Task to carry out
Below is a block of entries; repeat exactly the lines starting at the line that contains "व्यक्तियों को रोजगार" and ending at the line that contains "TGH-HH SCALE HUBS W/ROTOR", both included.

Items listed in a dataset
──────

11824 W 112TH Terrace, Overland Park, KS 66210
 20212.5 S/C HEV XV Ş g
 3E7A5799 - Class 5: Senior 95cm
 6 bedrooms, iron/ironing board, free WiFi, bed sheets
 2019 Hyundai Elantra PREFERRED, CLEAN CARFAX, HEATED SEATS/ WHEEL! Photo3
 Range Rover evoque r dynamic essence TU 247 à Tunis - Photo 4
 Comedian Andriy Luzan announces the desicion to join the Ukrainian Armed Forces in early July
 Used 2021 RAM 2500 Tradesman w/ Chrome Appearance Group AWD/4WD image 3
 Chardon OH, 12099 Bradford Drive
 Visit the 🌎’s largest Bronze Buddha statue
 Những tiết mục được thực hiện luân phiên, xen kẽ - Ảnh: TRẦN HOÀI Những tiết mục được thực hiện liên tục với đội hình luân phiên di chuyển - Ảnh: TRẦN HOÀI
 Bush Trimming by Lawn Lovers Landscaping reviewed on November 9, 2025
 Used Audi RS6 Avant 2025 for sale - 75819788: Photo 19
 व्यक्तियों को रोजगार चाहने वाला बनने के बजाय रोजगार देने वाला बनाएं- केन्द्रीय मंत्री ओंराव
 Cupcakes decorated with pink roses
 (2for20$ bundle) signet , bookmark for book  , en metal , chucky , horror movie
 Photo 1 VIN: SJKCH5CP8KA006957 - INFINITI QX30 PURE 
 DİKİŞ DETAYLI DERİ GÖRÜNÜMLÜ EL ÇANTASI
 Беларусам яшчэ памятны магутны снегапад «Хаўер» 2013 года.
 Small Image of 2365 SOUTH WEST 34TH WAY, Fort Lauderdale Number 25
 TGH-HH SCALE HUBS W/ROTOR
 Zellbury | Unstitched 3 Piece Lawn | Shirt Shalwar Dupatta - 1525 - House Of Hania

──────

Solution for this exercise
 व्यक्तियों को रोजगार चाहने वाला बनने के बजाय रोजगार देने वाला बनाएं- केन्द्रीय मंत्री ओंराव
 Cupcakes decorated with pink roses
 (2for20$ bundle) signet , bookmark for book  , en metal , chucky , horror movie
 Photo 1 VIN: SJKCH5CP8KA006957 - INFINITI QX30 PURE 
 DİKİŞ DETAYLI DERİ GÖRÜNÜMLÜ EL ÇANTASI
 Беларусам яшчэ памятны магутны снегапад «Хаўер» 2013 года.
 Small Image of 2365 SOUTH WEST 34TH WAY, Fort Lauderdale Number 25
 TGH-HH SCALE HUBS W/ROTOR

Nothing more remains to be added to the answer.